FOR Jordi Savall — early-music pioneer and master of the viola da gamba — music is always more than fleeting sounds. It enfolds histories. It reflects worlds. To draw a distinction between musicology and the sheer joy of performance is next to impossible.

“I combine both,” Mr. Savall, 68, said recently by Skype from his home in Bellaterra, Spain, outside Barcelona. “Reality is always somewhere between theory and practice. It’s difficult to know.”

Many specialties of his — songs of the troubadours, say — require as much intuition as scholarship. What exactly do the notes on parchment mean? How much is unwritten?

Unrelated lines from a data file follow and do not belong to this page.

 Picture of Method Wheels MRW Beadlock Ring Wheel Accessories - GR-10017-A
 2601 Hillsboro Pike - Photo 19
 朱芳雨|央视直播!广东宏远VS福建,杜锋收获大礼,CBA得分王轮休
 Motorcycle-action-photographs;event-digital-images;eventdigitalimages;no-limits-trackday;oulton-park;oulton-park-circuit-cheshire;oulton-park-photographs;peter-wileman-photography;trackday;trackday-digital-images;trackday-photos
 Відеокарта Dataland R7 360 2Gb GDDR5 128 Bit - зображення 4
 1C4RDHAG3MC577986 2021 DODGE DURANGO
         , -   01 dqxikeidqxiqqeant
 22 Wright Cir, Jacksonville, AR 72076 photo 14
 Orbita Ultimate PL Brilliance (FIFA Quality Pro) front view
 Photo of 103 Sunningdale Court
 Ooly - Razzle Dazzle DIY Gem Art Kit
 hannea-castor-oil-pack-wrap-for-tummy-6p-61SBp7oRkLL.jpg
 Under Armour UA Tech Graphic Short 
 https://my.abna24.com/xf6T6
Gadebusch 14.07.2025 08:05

How much room is there for personal flourishes?

The chronicle of Mr. Savall’s voyages of discovery is written in the discography of Alia Vox, a label founded in 1998 to produce and release his recordings and those of his circle of like-minded adventurers: his wife, the crystalline soprano Montserrat Figueras; their children, Arianna and Ferran Savall, instrumentalists and singers; the vocal consort La Capella Reial de Catalunya; and the period-instrument ensembles Hespèrion XXI and Le Concert des Nations.

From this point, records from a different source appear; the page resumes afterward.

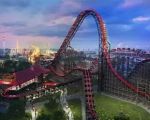 Are Tickets to an Amusement Park a Bad Gift? The Truth Depends on This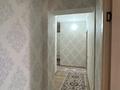 2-комнатная квартира · 67 м² · 4/9 этаж, мкр Туран , Байдибек Би 9.6 за 170 000 ₸ в Шымкенте, Каратауский р-н — фото 9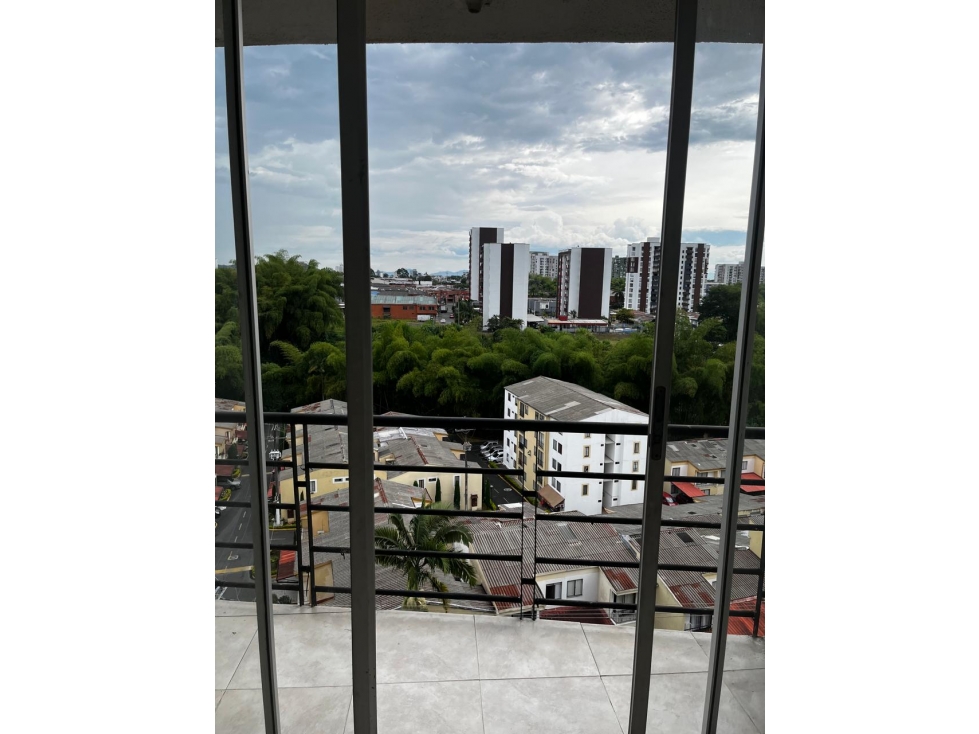 SE VENDE APARTAMENTO EN DOSQUEBRADAS — foto 2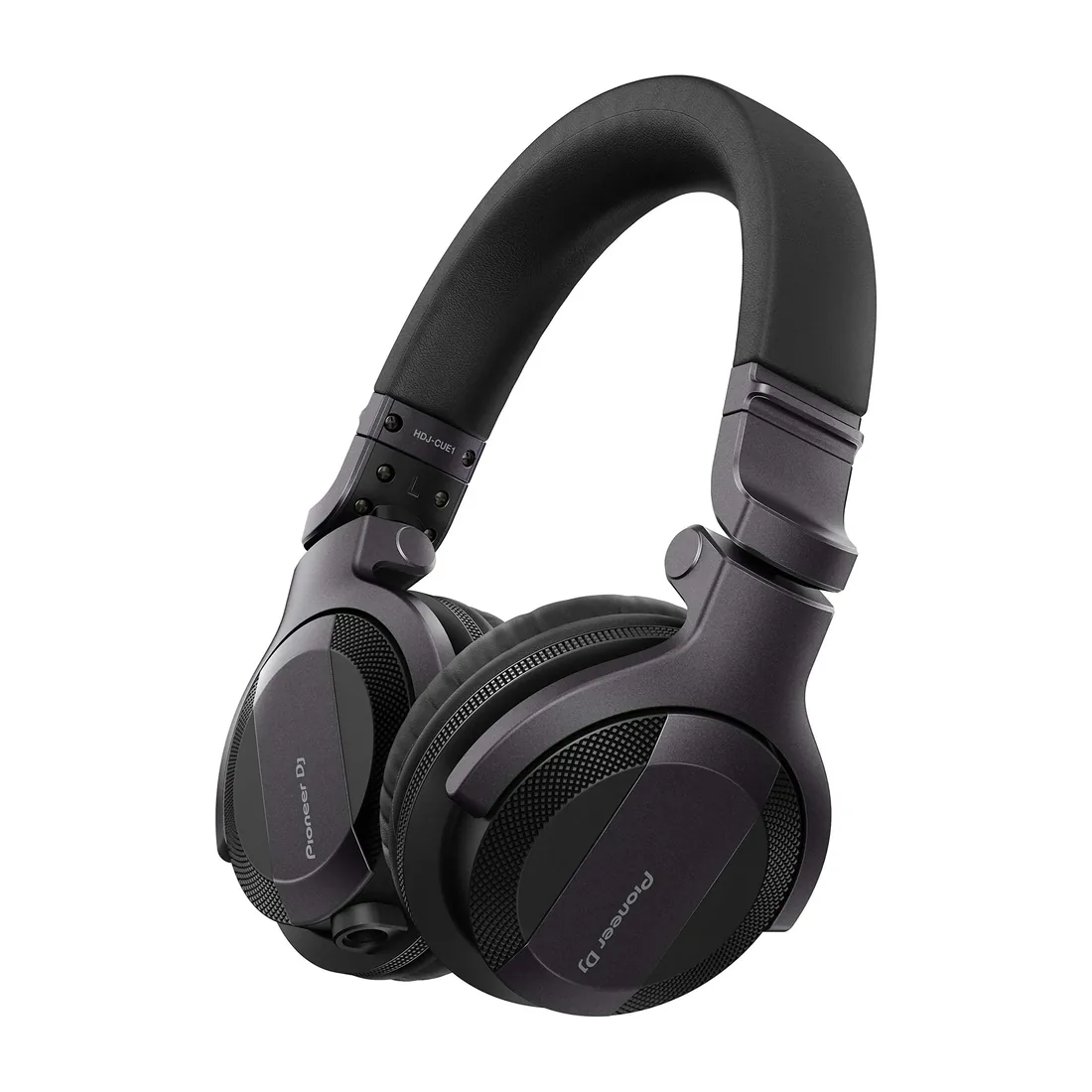 Pioneer DJ HDJ-CUE1 3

The large catalog is as spiked with curiosities as a Renaissance prince’s cabinet of wonders. One album is dedicated to chants of the Sibyl, another to “Don Quixote.” “Lachrimae Caravaggio,” composed by Mr. Savall, evokes canvases of that revolutionary Italian painter. Other entries commemorate historic personalities like Charles V and Christopher Columbus. Travelogues in music capture impressions of the Silk Road, the Sephardic diaspora, Istanbul. Operatic rarities run from “Il Farnace,” by Vivaldi, to “Una Cosa Rara,” by Vicente Martín y Soler. A historic tribute to Ireland and Scotland (“The Celtic Viol”) jostles Arvo Pärt’s 21st-century prayer for peace “Da Pacem.”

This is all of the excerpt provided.